[Start of section]
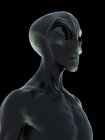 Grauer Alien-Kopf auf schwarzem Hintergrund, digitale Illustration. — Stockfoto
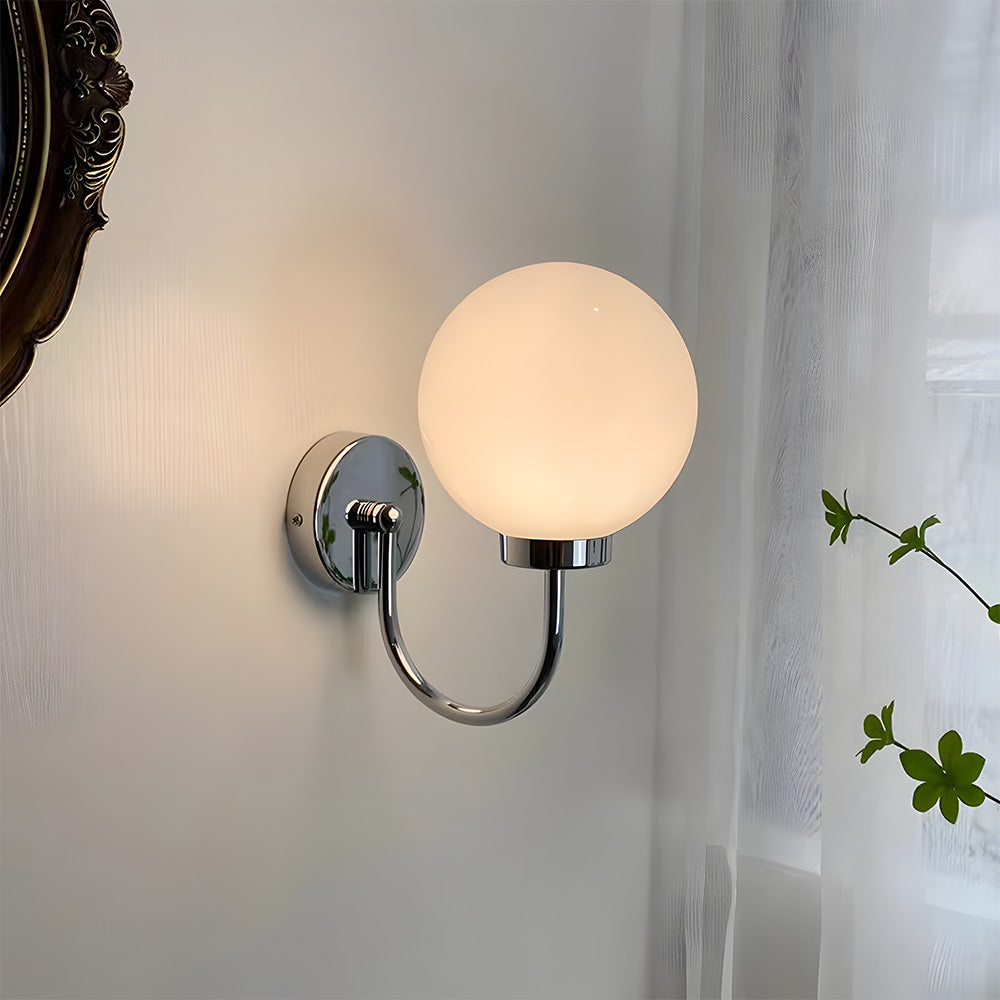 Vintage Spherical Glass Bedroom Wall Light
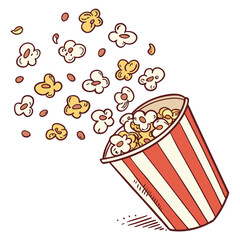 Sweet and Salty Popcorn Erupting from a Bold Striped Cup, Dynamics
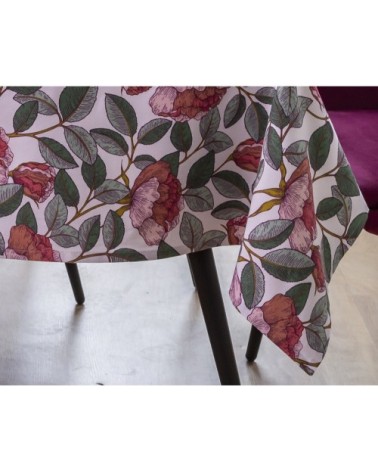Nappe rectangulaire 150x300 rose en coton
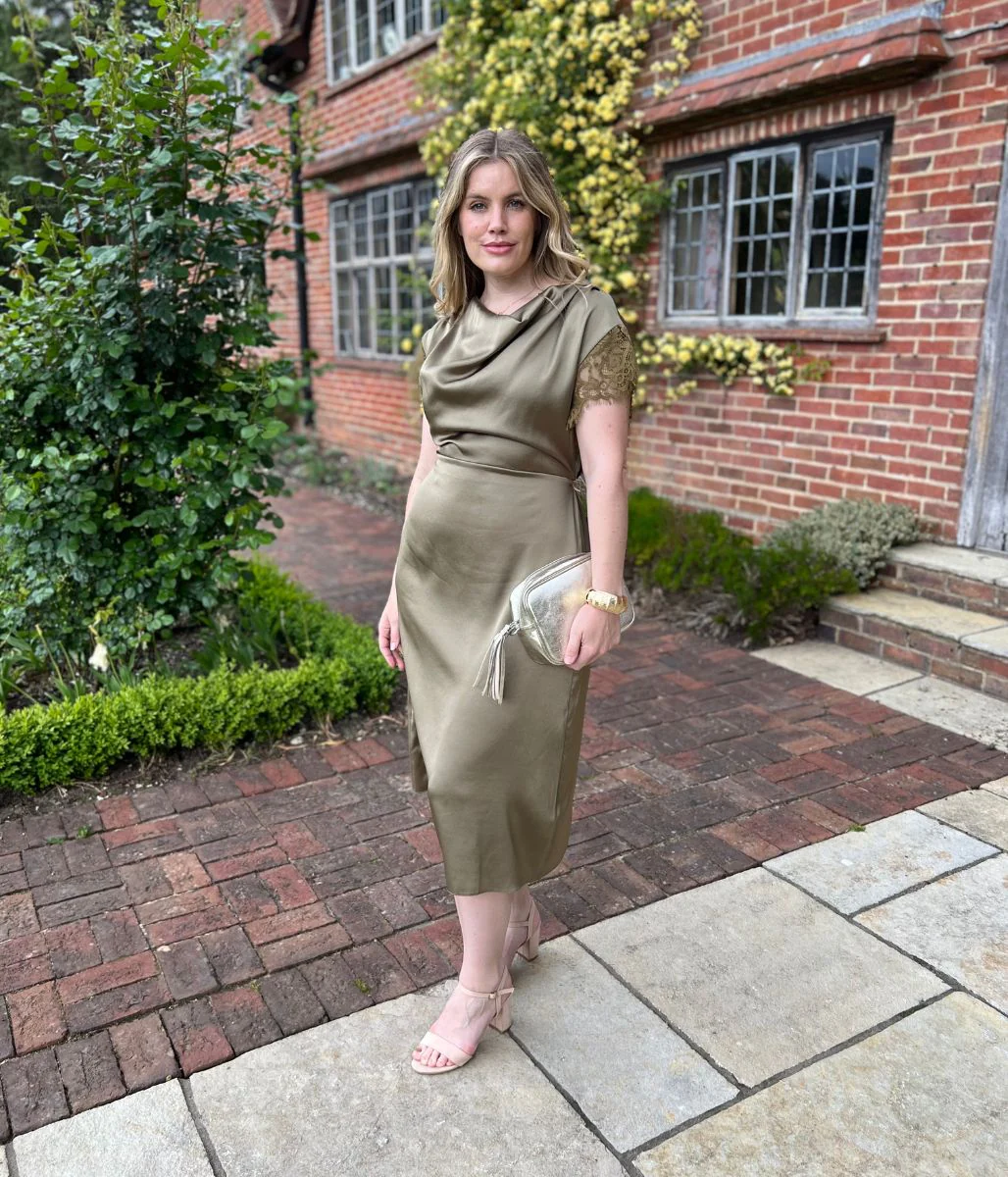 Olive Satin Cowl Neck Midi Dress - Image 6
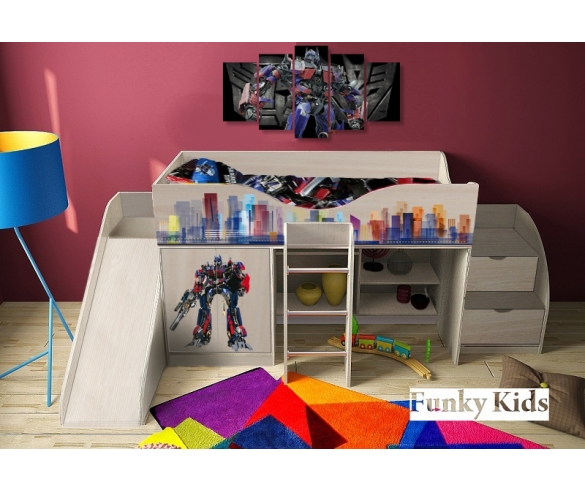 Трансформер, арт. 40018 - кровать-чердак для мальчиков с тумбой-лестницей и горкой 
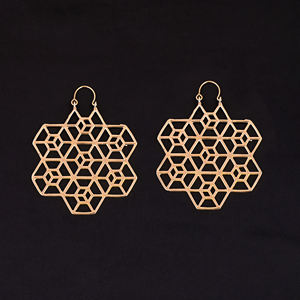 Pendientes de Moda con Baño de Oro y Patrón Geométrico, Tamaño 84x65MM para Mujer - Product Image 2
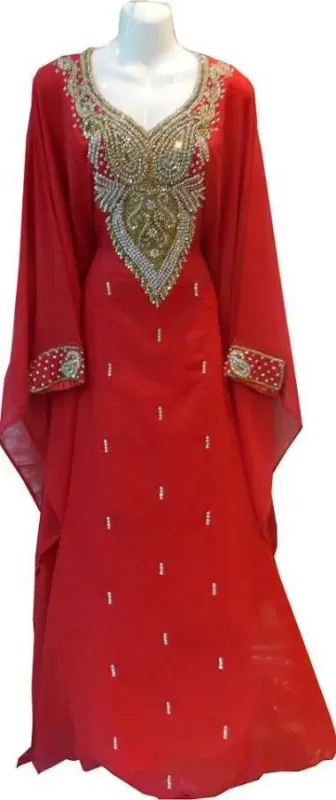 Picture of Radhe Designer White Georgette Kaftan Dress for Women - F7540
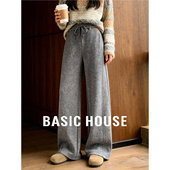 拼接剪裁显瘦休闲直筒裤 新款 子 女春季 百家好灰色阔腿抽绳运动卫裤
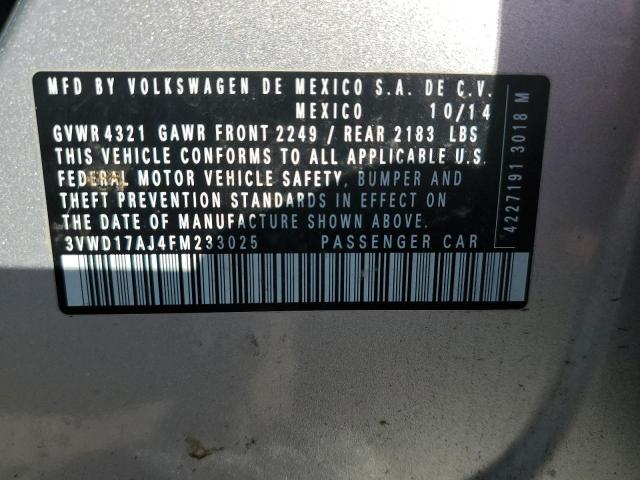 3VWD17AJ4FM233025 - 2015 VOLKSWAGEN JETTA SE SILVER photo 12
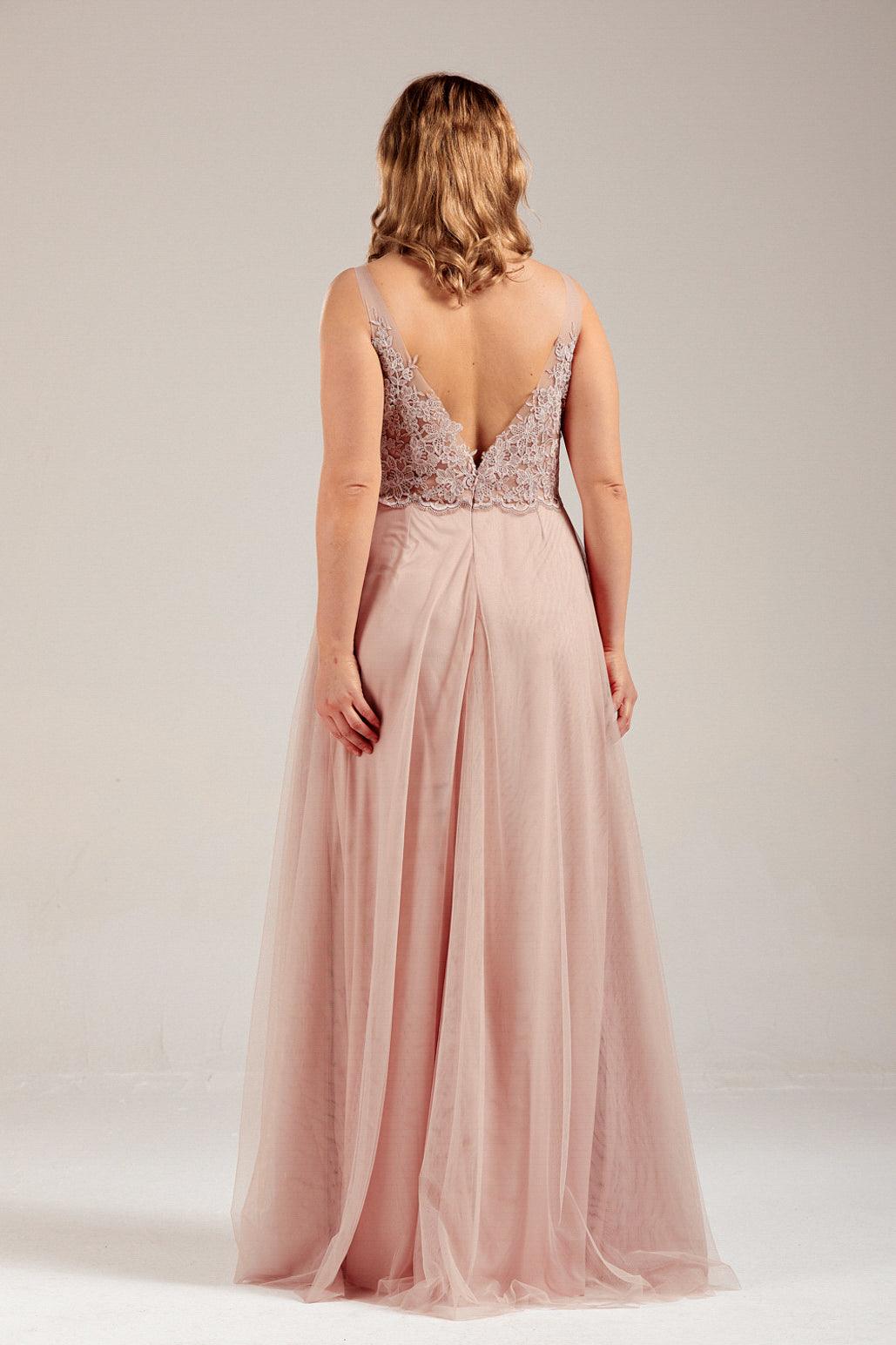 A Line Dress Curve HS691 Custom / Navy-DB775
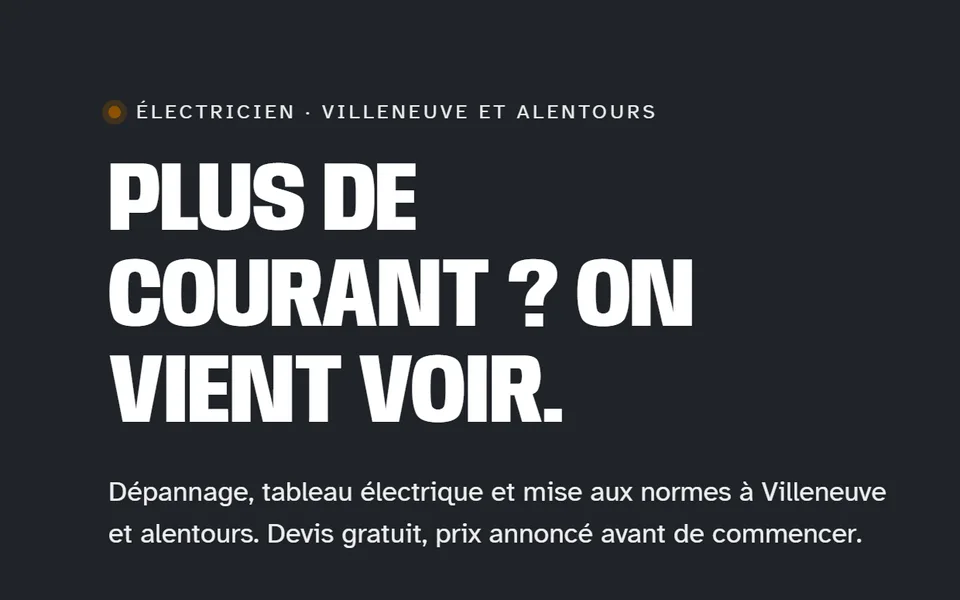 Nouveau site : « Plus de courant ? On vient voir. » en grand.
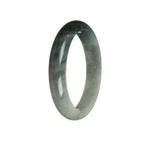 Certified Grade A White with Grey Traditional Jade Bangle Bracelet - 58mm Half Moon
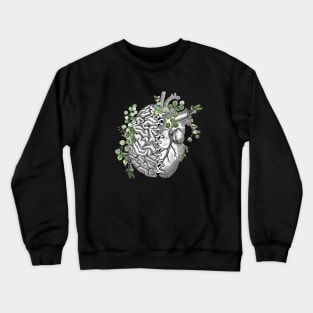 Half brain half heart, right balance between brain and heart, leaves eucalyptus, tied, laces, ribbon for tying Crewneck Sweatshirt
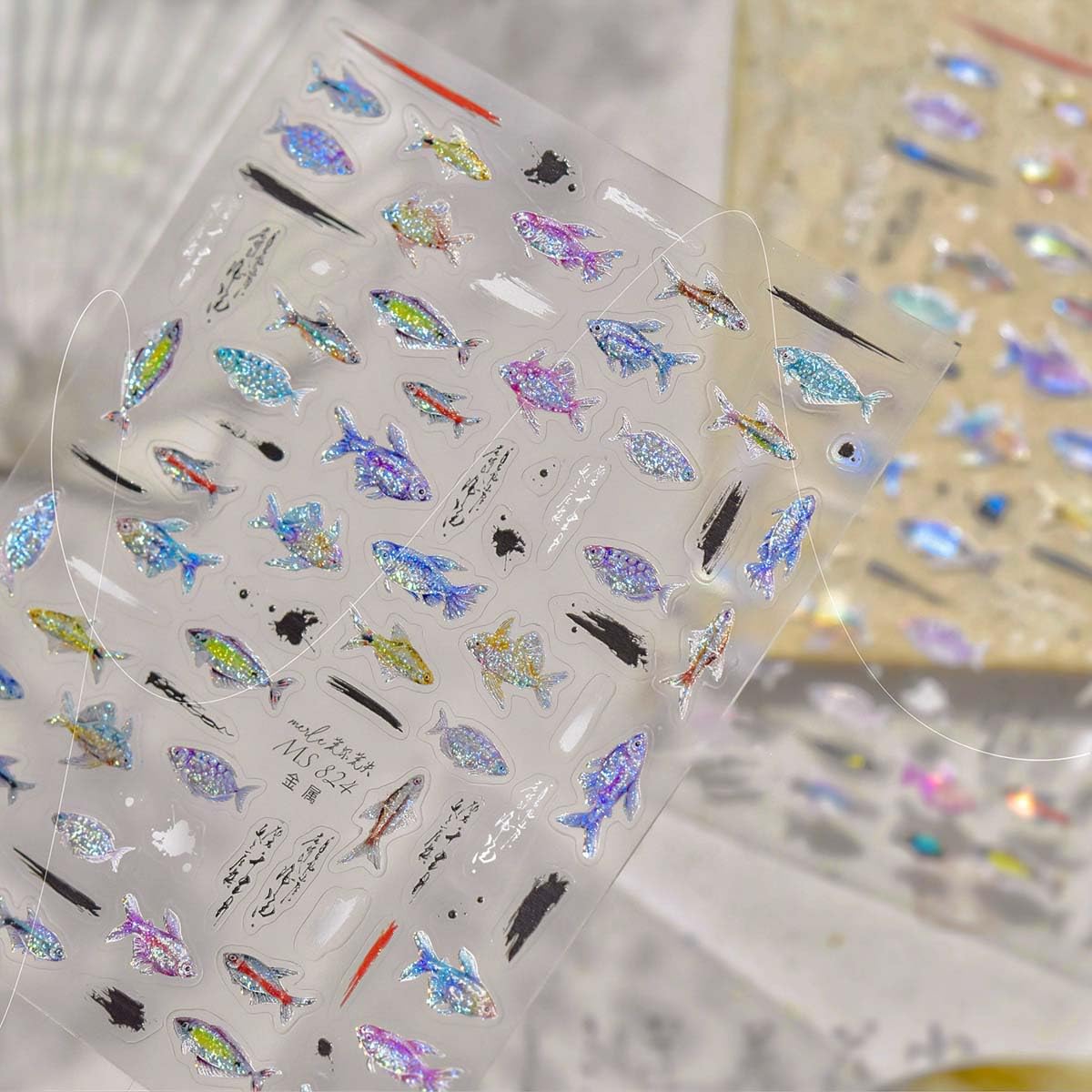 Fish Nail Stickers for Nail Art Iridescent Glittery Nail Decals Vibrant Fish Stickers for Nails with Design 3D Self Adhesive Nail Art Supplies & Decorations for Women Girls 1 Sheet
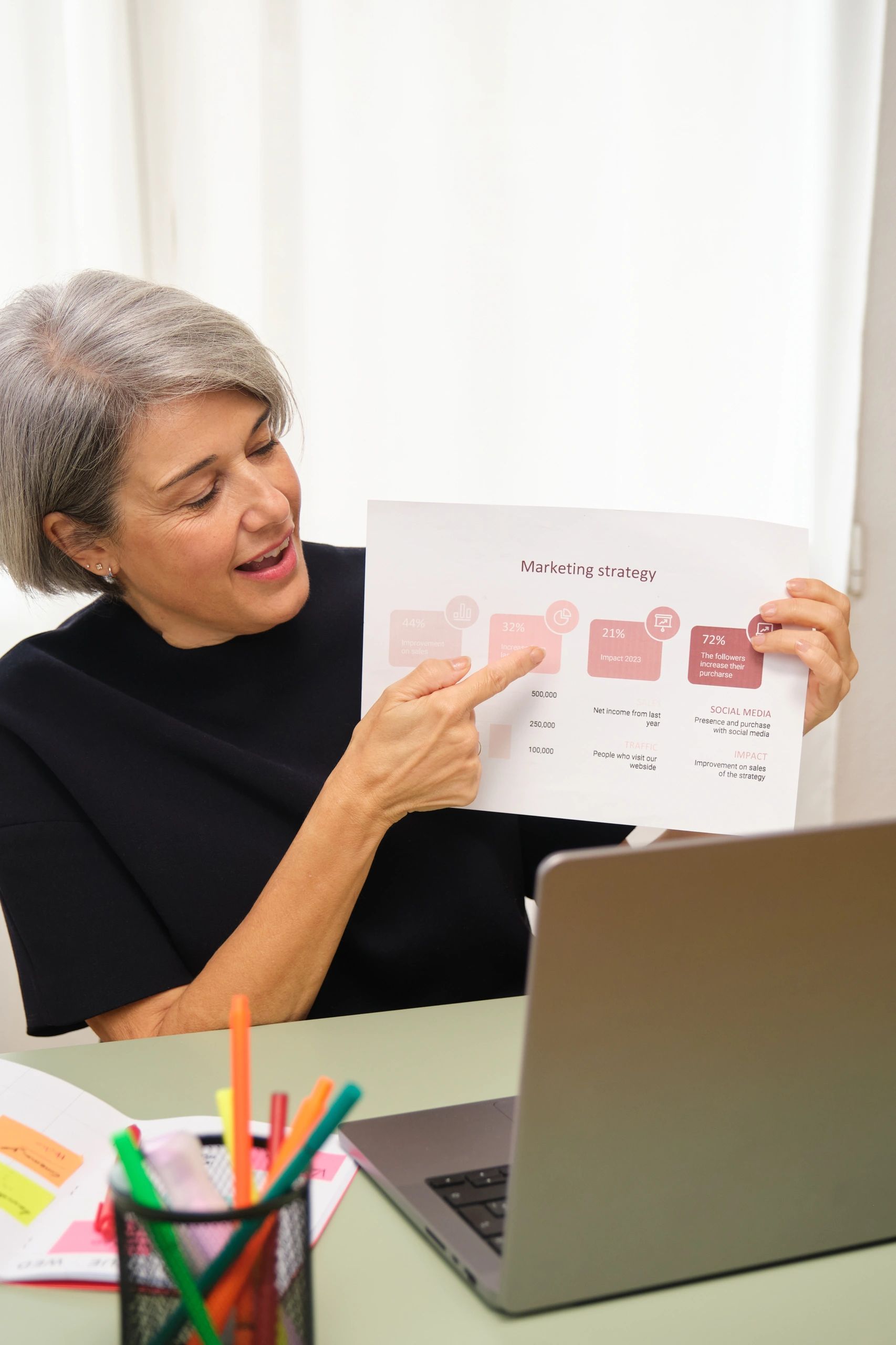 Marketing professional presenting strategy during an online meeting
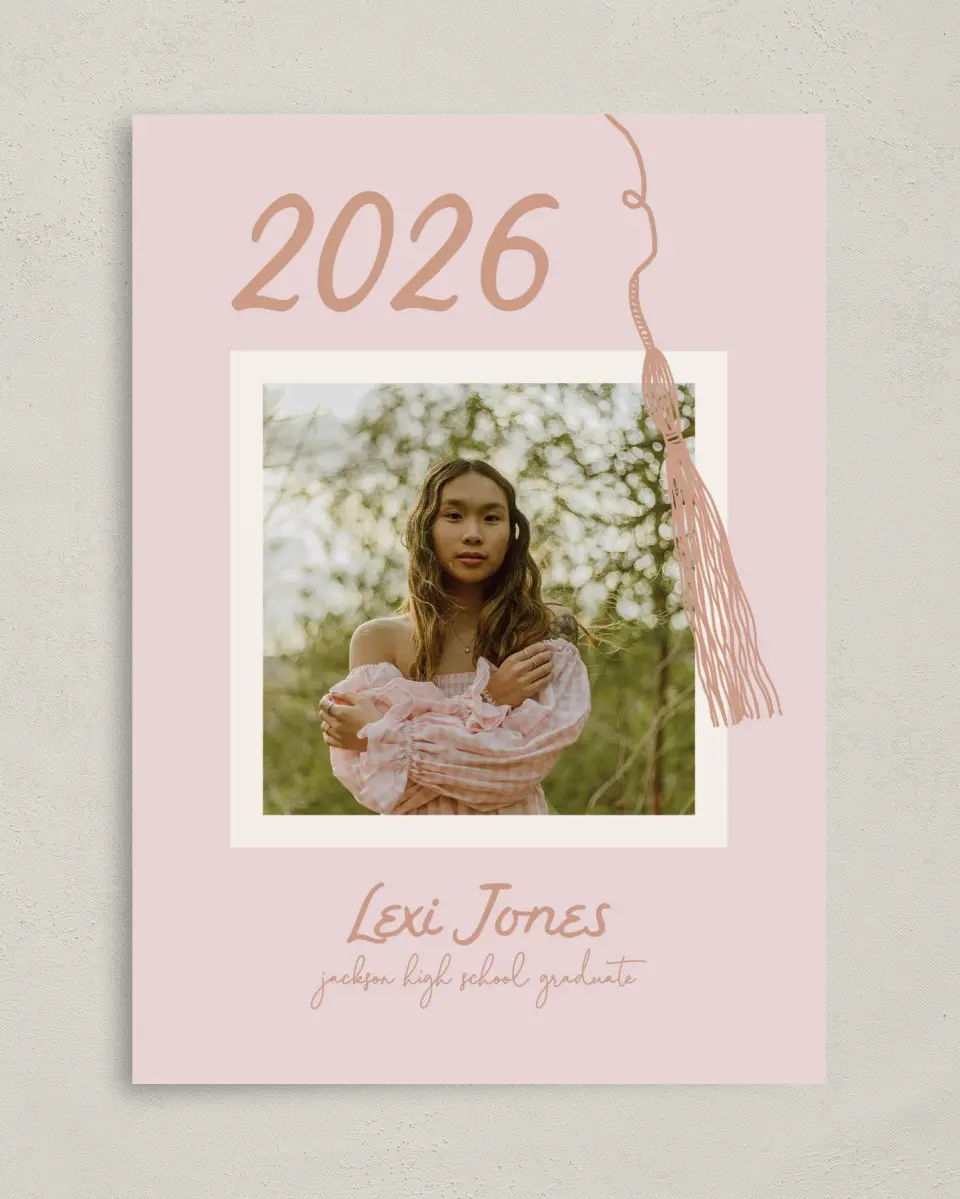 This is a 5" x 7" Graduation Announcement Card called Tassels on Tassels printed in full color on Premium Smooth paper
[End of section]
» WORK REQUEST: Starting at the line that contains "Pendientes de Moda", extract each line through the last line of the material exactly as written, and include no pictures.

» RESPONSE AREA:
 Pendientes de Moda con Baño de Oro y Patrón Geométrico, Tamaño 84x65MM para Mujer - Product Image 2
 Picture of Radhe Designer White Georgette Kaftan Dress for Women - F7540
 拼接剪裁显瘦休闲直筒裤 新款 子 女春季 百家好灰色阔腿抽绳运动卫裤
 3VWD17AJ4FM233025 - 2015 VOLKSWAGEN JETTA SE SILVER photo 12
 A Line Dress Curve HS691 Custom / Navy-DB775
 Nouveau site : « Plus de courant ? On vient voir. » en grand.
 Certified Grade A White with Grey Traditional Jade Bangle Bracelet - 58mm Half Moon
 Half brain half heart, right balance between brain and heart, leaves eucalyptus, tied, laces, ribbon for tying Crewneck Sweatshirt
 Fish Nail Stickers for Nail Art Iridescent Glittery Nail Decals Vibrant Fish Stickers for Nails with Design 3D Self Adhesive Nail Art Supplies & Decorations for Women Girls 1 Sheet
 Marketing professional presenting strategy during an online meeting
 This is a 5" x 7" Graduation Announcement Card called Tassels on Tassels printed in full color on Premium Smooth paper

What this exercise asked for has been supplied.